Sick days in waste services have cost council £1m

The report also notes overspends of £87,000 on depot repairs and maintenance
- Published
Soaring levels of sick days in a council's waste services have racked up losses of more than £1m.
Thanet District Council documents show that in 2024-25 the authority overspent by more than £1.3m on its domestic waste and street cleaning services.
Of that money, about £1m was "primarily due to higher than historical and industry average rates of sickness absence", papers say.
Steve Albon, the council's cabinet member for cleansing and coastal services, said: "While rates of absence have been higher than we'd like, we have been focusing our efforts on improving staff welfare and creating more efficient processes and the picture is now improving."
He said the problem was due to manual workforce absence rates being "typically higher than other parts of the business".
Official documents show a "consequent reliance on agency staff across the entirety of the service, coupled with the additional street cleaning personnel".

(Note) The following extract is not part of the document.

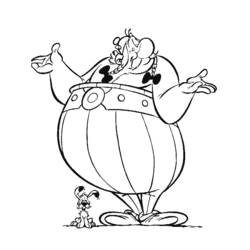 Disegno da colorare: Asterix e Obelix (Cartoni animati) #24408 - Pagine da Colorare Stampabili Gratuite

The findings unearthed a staffing overspend, including agency and overtime, of just over £1m.
Agency staff are relatively common across the public sector, but they are often expensive, the Local Democracy Reporting Service says.
Additionally, the report notes overspends of £87,000 on depot repairs and maintenance, £75,000 for increased PPE costs, £103,000 for vehicle maintenance and hiring expenses, plus a £45k shortfall in bulky waste income.
The same documents tell of plans to recruit a human resources officer from the cleansing services budget to remedy the "persistently high sickness absence rates".